Dec 03, 2019
Good ideas are like viruses. They grow and spread despite our best efforts to stop them. And yes, our bulbous, awkward species does indeed work very hard to catch and kill good ideas.
At the time I write this column, the first Democratic primaries are approaching with the zest and excitement of an unavoidable bowel movement. Even if you read this a year or two or 10 from now, primaries will still be advancing toward you. As sure as the universe expands, the primaries approach. The moment we finish one election season, another is on the horizon.
This serves two purposes. First, it continuously makes voters think that we matter, that we have a lot of sway over the course this country takes. We don't. (Well, not as much as we think we do.) And the second purpose is to fill the mainstream media airwaves with vacuous political play-by-play for two straight years.

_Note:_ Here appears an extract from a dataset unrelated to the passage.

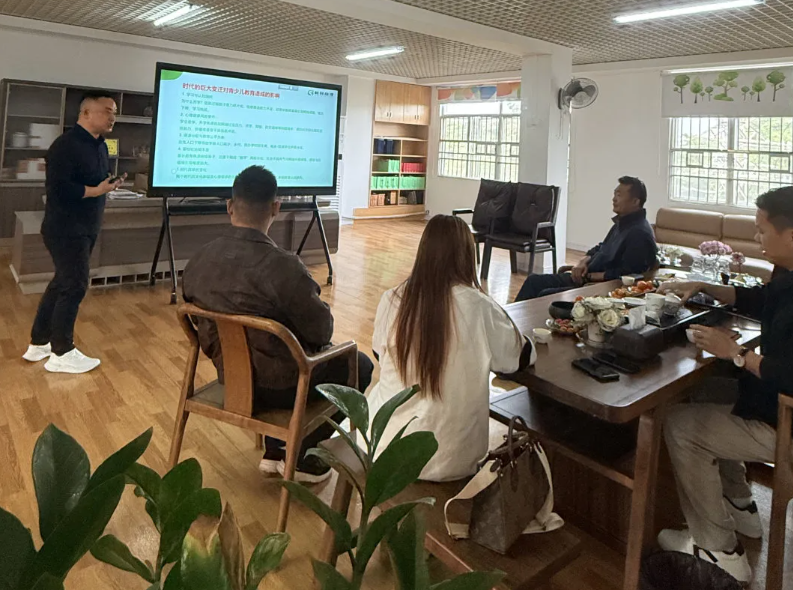 广州管教学校标杆树同教育喜迎同行参访，与护航教育共话青少年成长新路径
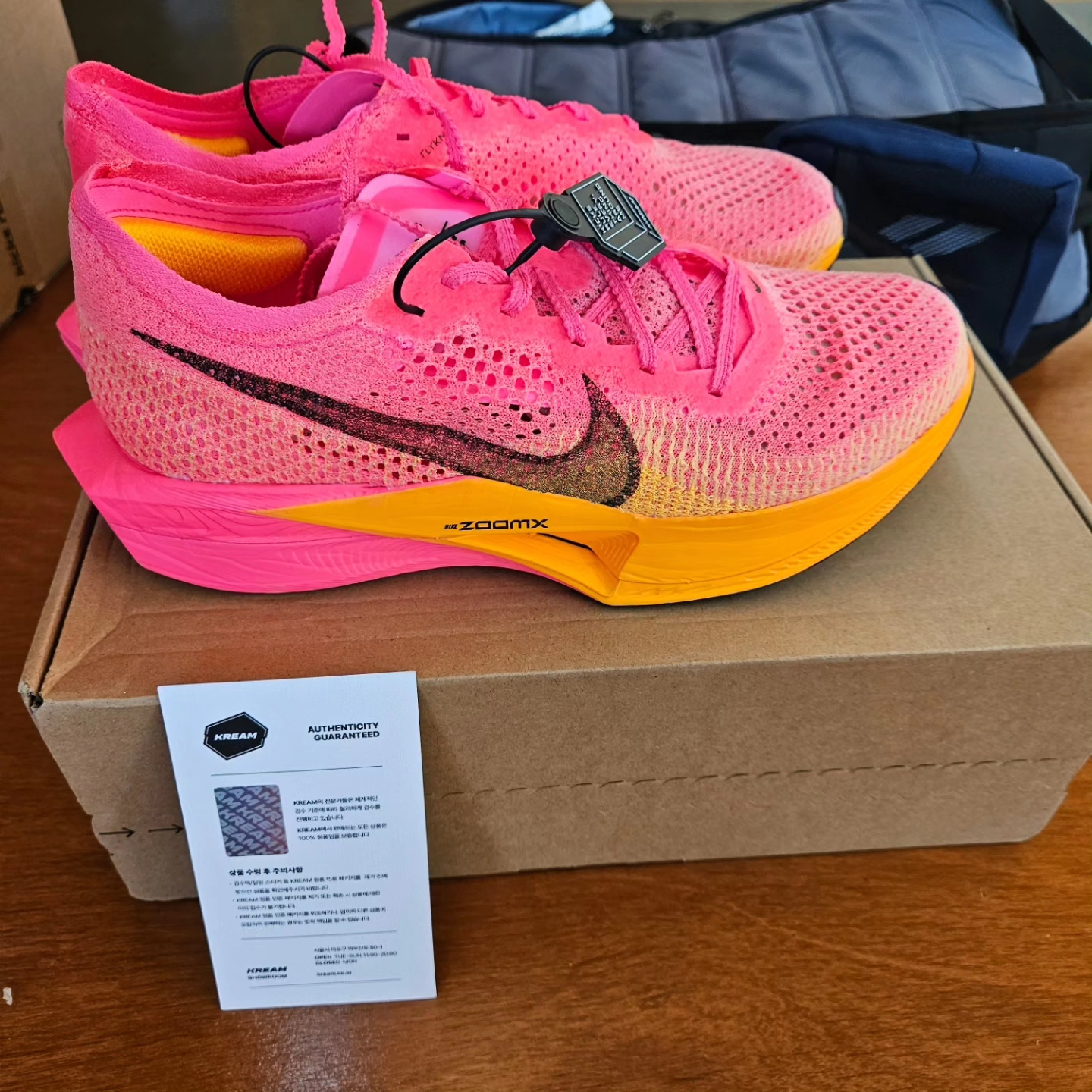 Nike ZoomX Vaporfly Next% 3 Hyper Pink 착용 스타일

For example, by covering the three-point shift in Pete Buttigieg's likability amongst Iowans (which matters as much as a three-point shift in the average Iowan's concern about getting trichinosis from undercooked anchovies), the corporate media cogs can avoid talking about the exploitation of American workers or the massive debt crushing most people or the environmental collapse gripping the planet or the highly advanced, highly illegal surveillance state in which we live.
Our electoral politics is a beautiful smokescreen for the ruling elite.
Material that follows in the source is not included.